--- START ---

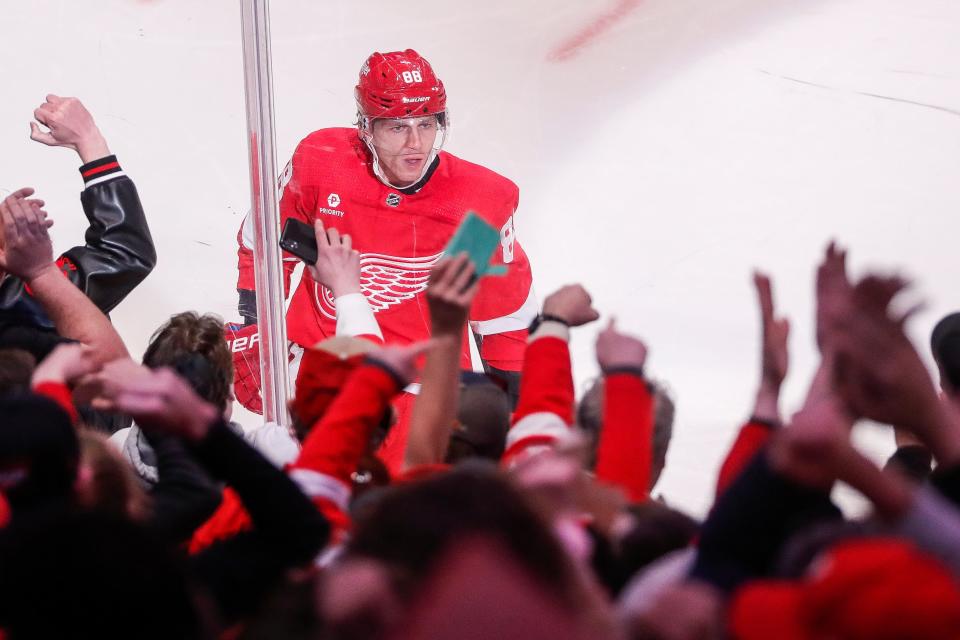 Detroit Red Wings right wing Patrick Kane (88) celebrates a goal against Buffalo Sabres during the first period at Little Caesars Arena in Detroit on Sunday, April 7, 2024.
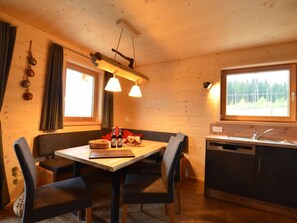 A cozy cabin-style kitchen with a wooden table and chairs, a built-in oven, and a window with a view of the forest. - Holiday Home With 3 Bedrooms (Lechbruck)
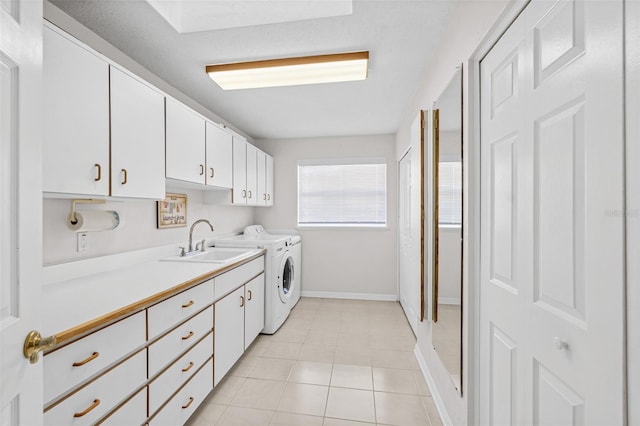 washroom featuring sink, washing machine and dryer, light tile patterned floors, and cabinets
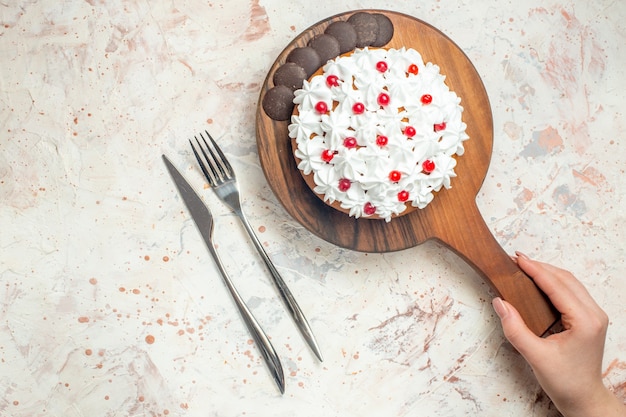 Top view cake with white pastry cream on wooden cutting board in female hand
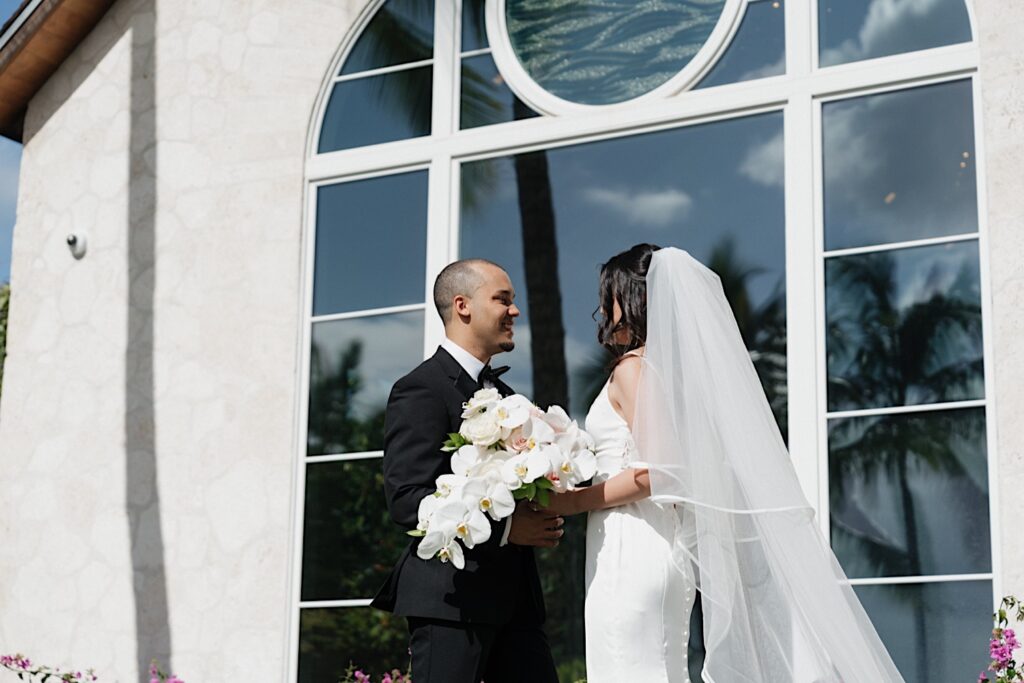 Bride and Groom look into each other's eyes standing in front of large Chapel window at the Four Seasons Oahu in Hawaii. 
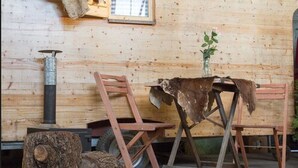 A rustic wooden cabin interior with a metal stove, wooden chairs, and a small table. - HafenTraum IndoorHostelCamp (Bremen)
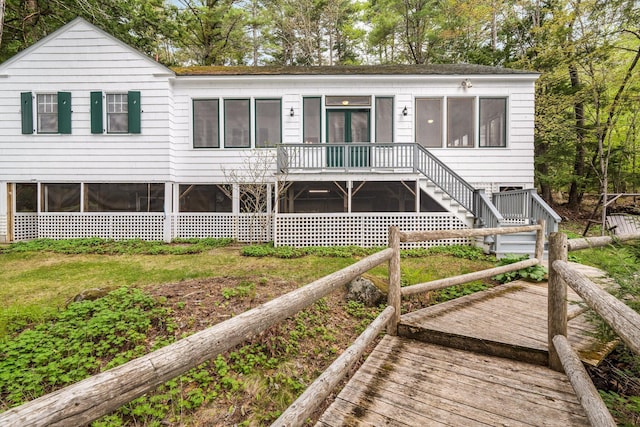 137 Birch Ln, Belgrade, ME 04917 - view of front facade with a deck and stairway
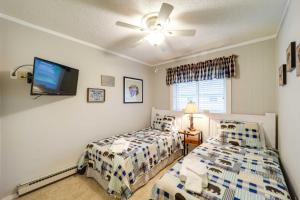 a bedroom with two beds and a flat screen tv at Hike, Golf and Ski Beech Mtn Condo with Resort Perks! in Beech Mountain +20 photos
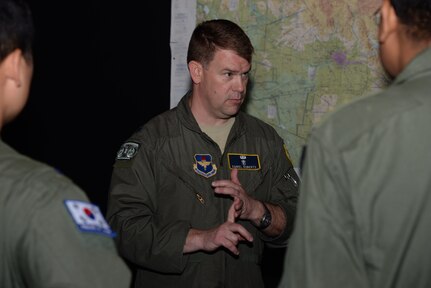 Lt. Col. Dan Roberts, 359th Aerospace and Operational Physiology Training Flight commander, speaks to a group of flight surgeons from the Indian navy, Republic of Korea air force and the Pakistani air force May 20 at Joint Base San Antonio-Randolph. (U.S. Air Force photo by Airman 1st Class Stormy Archer)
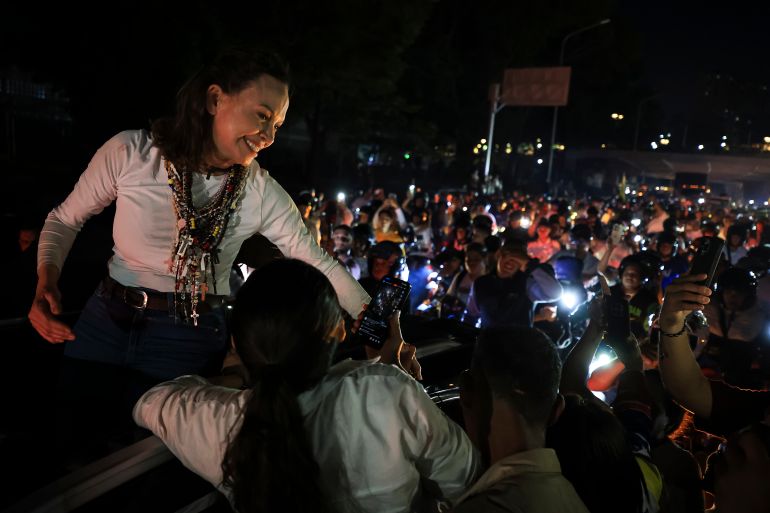 Machado greets the crowd gathered around her vehicle amid supporters in Caracas, Venezuela, on October 25, 2026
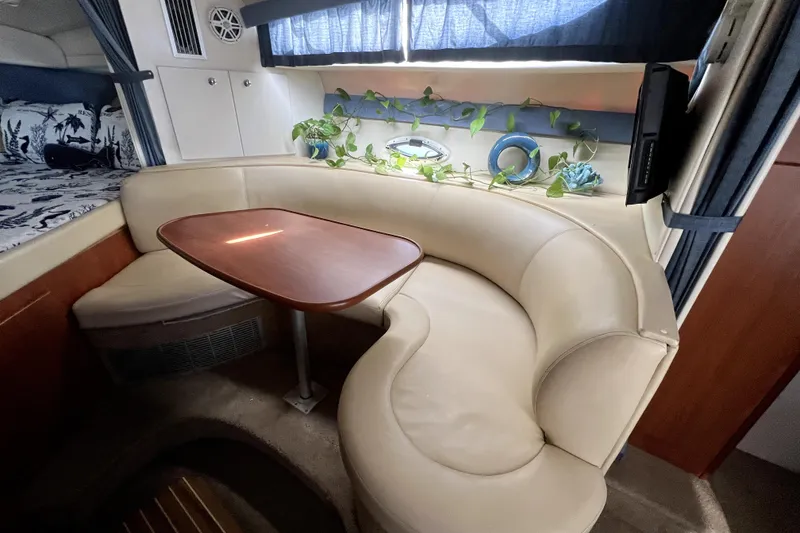 Slide: The Image of 2007 Bayliner 305 interior with curved seating, wooden table, and decorative plants. - 13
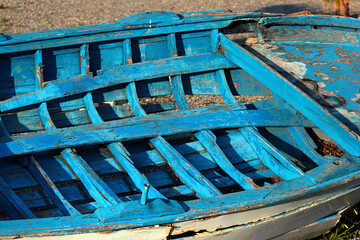 Old abandoned derelict punt boat on a seashore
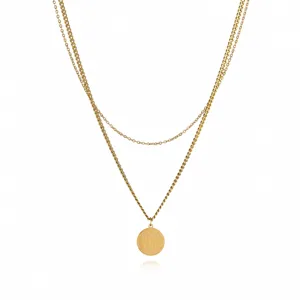 Detailed view of gold double layer layered necklace with letter W pendant stainless steel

--- END ---

TASK DIRECTIONS: Output, exactly and without pictures, the lines above that run from the one containing "A rustic wooden" through the last line of the entries, inclusive.

PROBLEM SOLUTION:
 A rustic wooden cabin interior with a metal stove, wooden chairs, and a small table. - HafenTraum IndoorHostelCamp (Bremen)
 137 Birch Ln, Belgrade, ME 04917 - view of front facade with a deck and stairway
 a bedroom with two beds and a flat screen tv at Hike, Golf and Ski Beech Mtn Condo with Resort Perks! in Beech Mountain +20 photos
 Lt. Col. Dan Roberts, 359th Aerospace and Operational Physiology Training Flight commander, speaks to a group of flight surgeons from the Indian navy, Republic of Korea air force and the Pakistani air force May 20 at Joint Base San Antonio-Randolph. (U.S. Air Force photo by Airman 1st Class Stormy Archer)
 Machado greets the crowd gathered around her vehicle amid supporters in Caracas, Venezuela, on October 25, 2026
 Slide: The Image of 2007 Bayliner 305 interior with curved seating, wooden table, and decorative plants. - 13
 Old abandoned derelict punt boat on a seashore
 Detailed view of gold double layer layered necklace with letter W pendant stainless steel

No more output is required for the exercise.